NEW YORK (AP) — MCI removed two of the thorniest obstacles remaining in its path from bankruptcy, agreeing to pay $353 million to silence some of the last vocal objectors to the scandal-ridden company’s plan to repay a small fraction of its $41 billion debt.

The deal early yesterday with two groups of creditors, brokered by MCI Chief Executive Officer Michael Capellas, was reached just hours before a scheduled hearing to consider the existing reorganization plan.

U.S. Bankruptcy Judge Arthur Gonzalez granted a request to adjourn until tomorrow afternoon to let the parties officially approve the agreement, and to revise the financial reorganization plan to reflect the new accord.

The vast majority of creditors had already signed on in favor of the existing plan, which would leave the former WorldCom Inc. with debts of $5 billion. Still, MCI was motivated to get more creditors on board so as to avert some courtroom mud-slinging and help speed the company’s return from bankruptcy.
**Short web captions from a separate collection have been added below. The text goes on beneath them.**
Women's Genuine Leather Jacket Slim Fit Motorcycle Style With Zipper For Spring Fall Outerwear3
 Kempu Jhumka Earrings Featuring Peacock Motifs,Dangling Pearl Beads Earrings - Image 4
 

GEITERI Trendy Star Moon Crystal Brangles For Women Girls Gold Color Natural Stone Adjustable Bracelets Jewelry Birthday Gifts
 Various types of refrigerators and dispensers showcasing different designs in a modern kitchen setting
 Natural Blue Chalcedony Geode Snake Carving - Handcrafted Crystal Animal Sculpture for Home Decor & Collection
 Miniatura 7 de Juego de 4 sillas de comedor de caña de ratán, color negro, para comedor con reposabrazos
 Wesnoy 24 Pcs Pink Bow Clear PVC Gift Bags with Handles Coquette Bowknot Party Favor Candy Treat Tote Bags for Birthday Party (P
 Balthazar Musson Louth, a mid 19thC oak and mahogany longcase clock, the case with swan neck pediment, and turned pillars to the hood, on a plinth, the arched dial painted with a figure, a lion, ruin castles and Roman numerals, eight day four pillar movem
As it is, MCI is struggling to restore its reputation amid ongoing federal and state investigations into an accounting fraud that fabricated $11 billion of profits, having renamed itself to help put the scandal in the past. Complicating the effort is a new probe into claims that MCI has been disguising long-distance calls to avoid paying fees owed to local phone companies that connect such calls.

The active involvement of Mr. Capellas in the negotiations was “an assessment that it would be in the best interests of the company not to have a contentious confirmation hearing,” said Marcia Goldstein, one of the lead bankruptcy attorneys for MCI.

“This streamlines the process tremendously,” Miss Goldstein said. “It eliminates the two most extensive objections” to the company’s plan to emerge from bankruptcy only a little more than a year after filing the biggest Chapter 11 failure in U.S. history.

According to the new deal, a small group of creditors that would have been snubbed entirely under the existing plan will now be paid 44.5 cents on the dollar.

Another small group of dissident creditors that was slated to be repaid 36 cents on the dollar for their claims will now receive 52.7 cents on the dollar.

Importantly, the deal also drew support from the major creditor groups who had already approved the existing reorganization plan and own the vast majority of the company’s debt.

Miss Goldstein also told the court that MCI is close to reaching an accord with another class of dissenting creditors and is pursuing discussions with other groups that object to the plan.

As it stands now, the hearing to consider the plan could conclude by mid-October, leaving the possibility that MCI could leave bankruptcy by the end of the year or in early 2004.

The deal calls for MCI to pay $188 million in cash and $165 million in new debt to the owners of $750 million worth of a riskier class of debt securities issued by the company prior to bankruptcy. That amounts to about 44.5 cents per dollar owed.